Effect of various parameters on properties of composite steel foams under variety of loading rates

Steel-steel composite metal foams (CMF) are manufactured using steel hollow spheres (with variety of different sphere sizes, surface roughness and carbon content) embedded in a stainless steel matrix through powder metallurgy technique and are investigated experimentally under compression loading with variety of loading rates. The microstructural and mechanical properties of the material were studied using optical and scanning electron microscopy, energy dispersive spectroscopy, quasi-static, and dynamic compressive loading up to 26 m/s. It is observed that the yield and plateau strength as well as the energy absorption capabilities of the composite foams are increased with increasing loading rate and by decreasing sphere sizes. Such mechanical properties improved by additional carbon content in the sphere wall at strains below 17% while the effect of density, resulted from porosity content, showed an improvement on the densification strain and plateau strengths at higher than 17% strain.
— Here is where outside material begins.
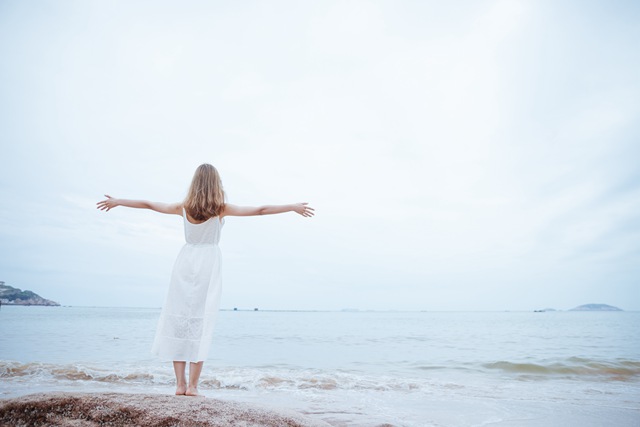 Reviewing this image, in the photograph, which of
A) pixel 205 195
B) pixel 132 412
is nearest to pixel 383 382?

The effect of spheres surface roughness and carbon content on mechanical properties of CMF seemed to be minimal compared to other parameters. As a result, the features controlling the life time and performance of composite metal foams under static and dynamic loading have been categorized into two main groups. The first group that controls the yield and plateau strength of the foam at lower strain levels includes bonding strength between the spheres and matrix which is a function of the sphere surface roughness and the gradient chemical composition between the spheres and matrix. The second group that controls the relative density, densification strain and plateau strength at higher strain levels belongs to the sphere diameter and the porosity content in both spheres and matrix. Moreover, increasing the loading rate improves the yield strength of all CMF samples.